String validation in C++ is fast, until you have to do it millions of times per second across massive datasets. While engineering a correctness fix for a silent truncation bug in Apache Arrow’s base64_decode utility, an automated review flagged a bottleneck: the function was using a linear search (std::string::find) to validate every single byte. For a 1MB payload, that meant potentially tens of millions of redundant CPU operations. Rather than bloating the initial correctness PR, I scoped the performance upgrade into a separate architectural follow-up. I replaced the linear scan with a static 256-entry lookup table (a direct-addressed array). This shifted the character validation from an O(N) linear search to an O(1) constant-time memory lookup via pointer arithmetic. The benchmarks on a 1MB payload: 🔴 Before (Unsafe): ~2832 ms 🟡 Intermediate (Strict Validation, but linear): ~4302 ms 🟢 Final (Strict Validation + O(1) Lookup): ~1126 ms Massive thanks to Kouhei Sutou and Dmitry C. for the feedbacks and for helping me get this optimization across the finish line. PR Link : https://lnkd.in/gjpM5ey9 #Cpp #Apache #ApacheArrow #SystemsEngineering #DataInfrastructure #OpenSource
1. How find() can be replaced with a table? 2. O(1) is nice, but on modern CPUs some O(1)’s can be whopping 100x+ larger than the others . In particular, table-driven access can cause (difficult-to-see-in-naive-micro-benchmarking) degradations. For example , if such a table is known in compile-time, then compile-time codegen maybe able to help to get significantly faster (and better-predictable) code.

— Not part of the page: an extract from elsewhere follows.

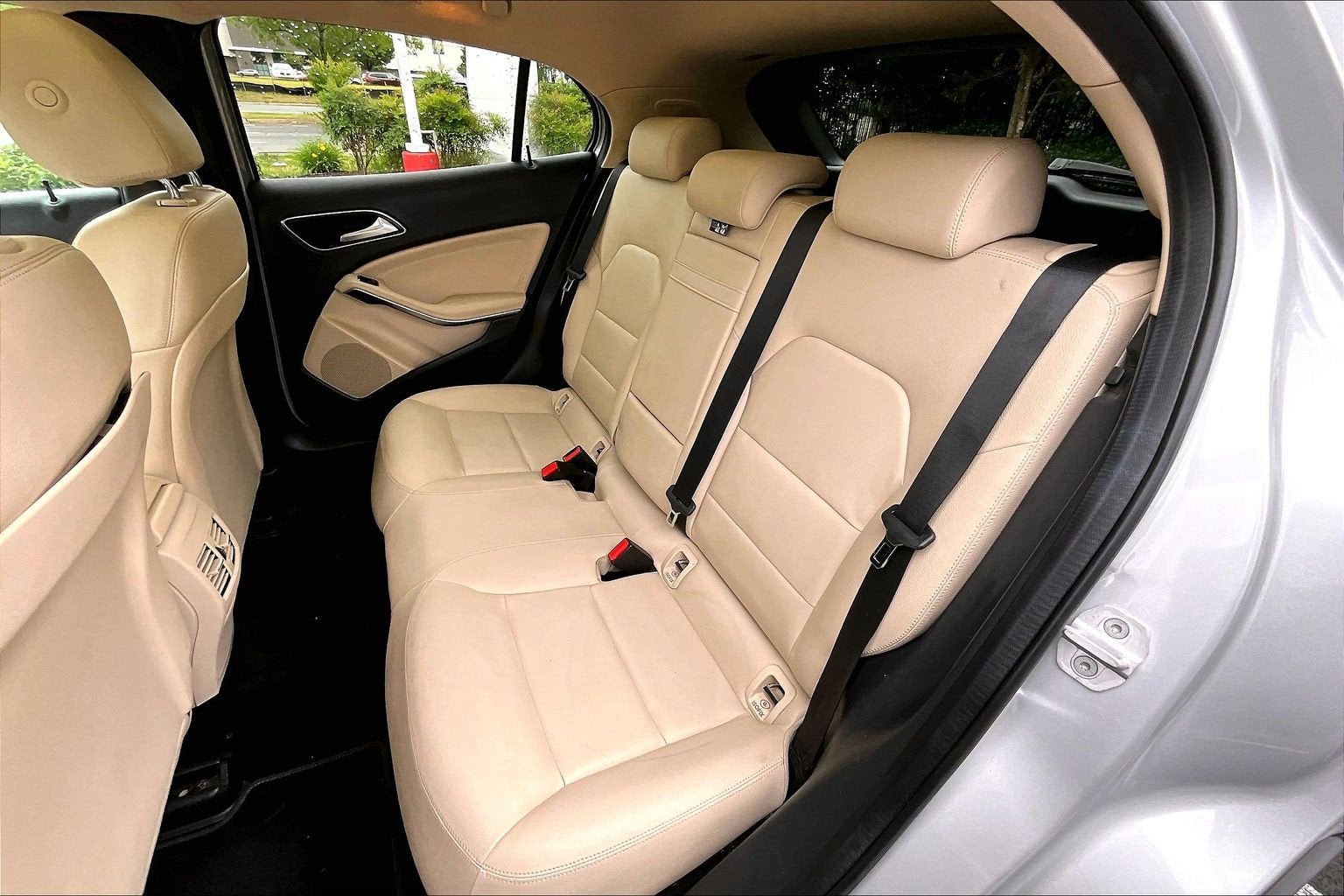 Used 2015 Mercedes-Benz GLA 250 4MATIC image 24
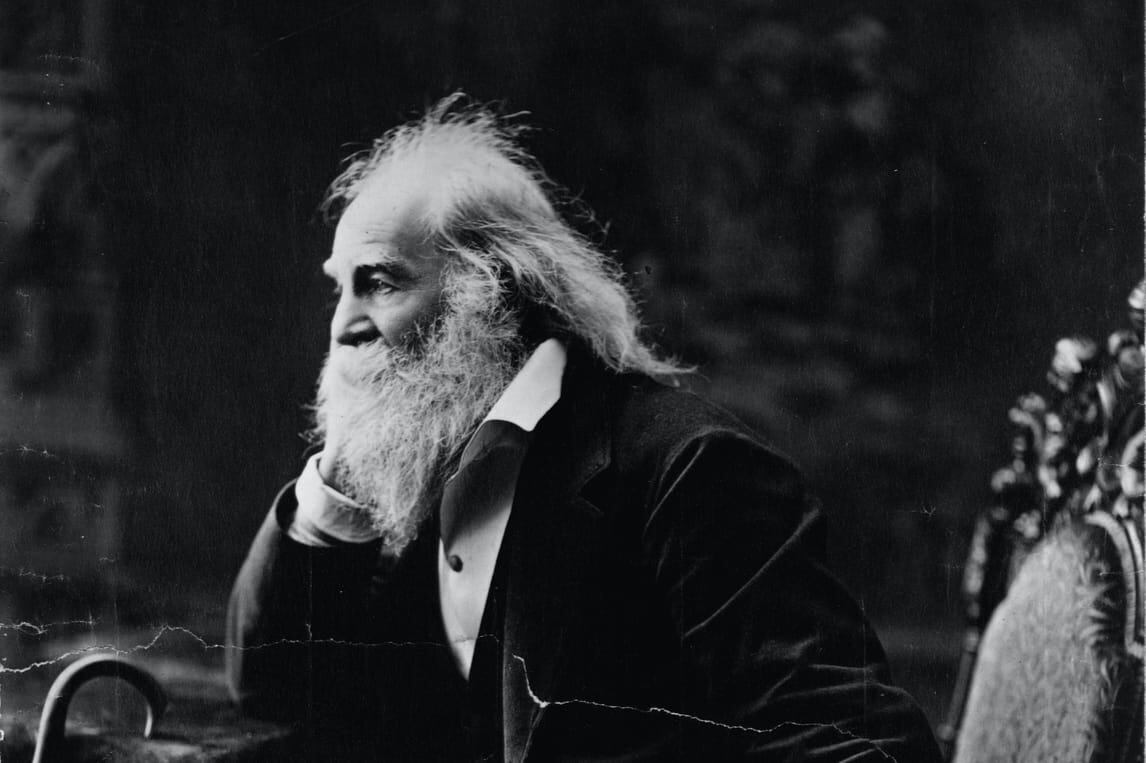 El poeta estadounidense Walt Whitman en 1881.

Fwiw, the original implementation is pretty bad performance-wise. It's totally fine if you do some base64-ing once in a while, but one should pay more attention than "here's some open-source implementation with a permissive license", if it feels like you'll be doing an awful lot of base64. A very similar LUT PR was submitted more than 5 years ago, didn't go anywhere: https://github.com/ReneNyffenegger/cpp-base64/pull/27
👏👏
I have a solution that would reduce that time; it can be 2 to 4 times faster than the optimized scalar versions. Going from processing ~1MB in 1.1 seconds (optimized scalar) to doing it in just ~300 milliseconds is not only possible, but it's an improvement of an order of magnitude that is completely achievable.